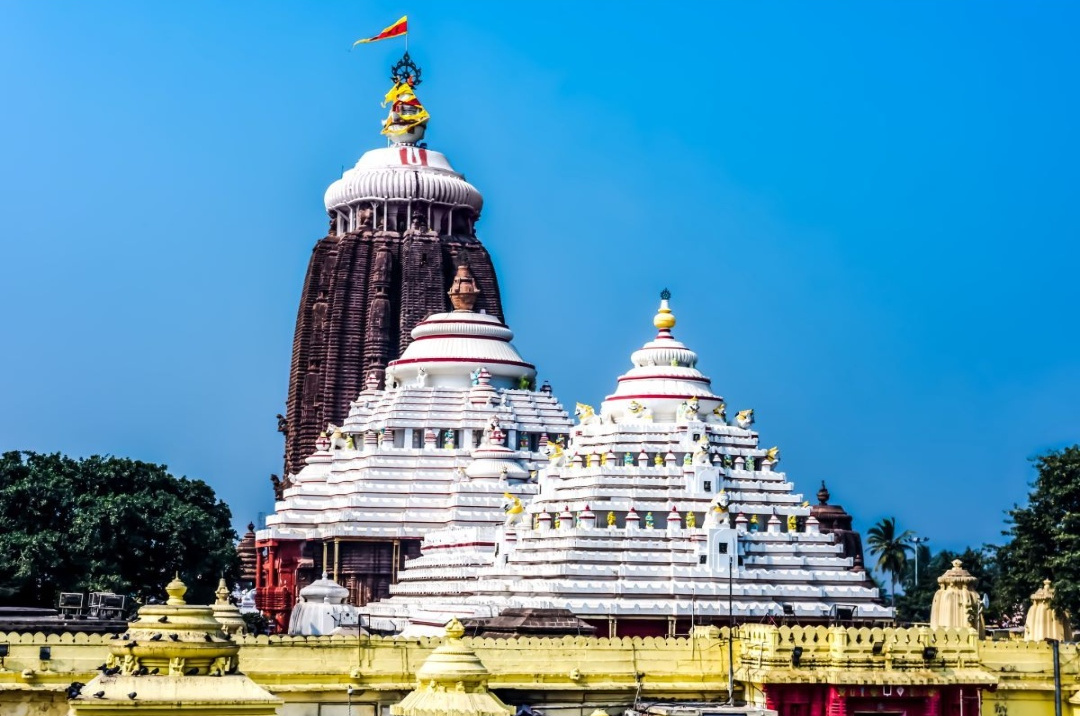 Puri,Lord Jagannath,Spiritual,Hindu,Hinduism,Real story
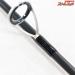 【フェンウィック】 リンクス 62SULP+J パワープラス Fenwick Links Power Plus バス スピニングモデル K_230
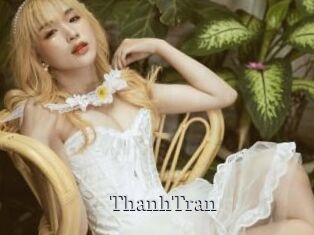 ThanhTran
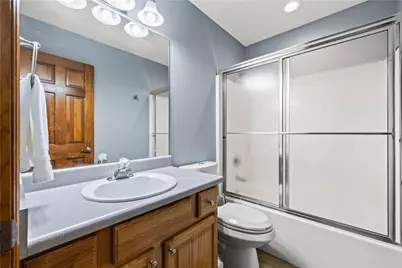 6205 Otter Creek Drive, Middletown, OH 45042 - Photo 30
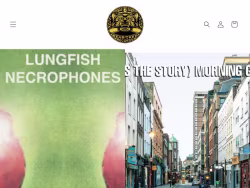 Beartreerecords
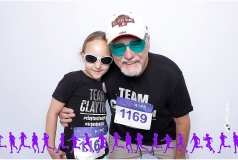 LifeGift2ndChance_250913_074124_044-wm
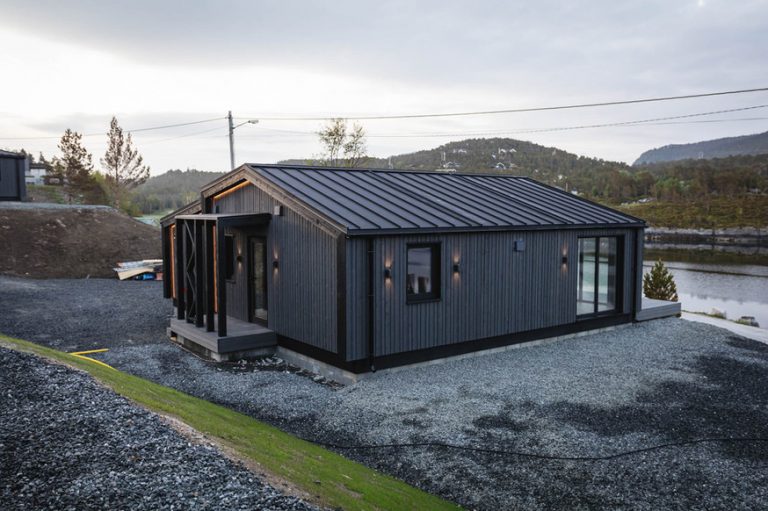 Modular-house-outside0014.jpg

» **PROBLEM**:
From the first line to the last, retype the material exactly and exclude the pictures.

» **SOLUTION TO THE EXERCISE**:
 Puri,Lord Jagannath,Spiritual,Hindu,Hinduism,Real story
 【フェンウィック】 リンクス 62SULP+J パワープラス Fenwick Links Power Plus バス スピニングモデル K_230
 ThanhTran
 6205 Otter Creek Drive, Middletown, OH 45042 - Photo 30
 Beartreerecords
 LifeGift2ndChance_250913_074124_044-wm
 Modular-house-outside0014.jpg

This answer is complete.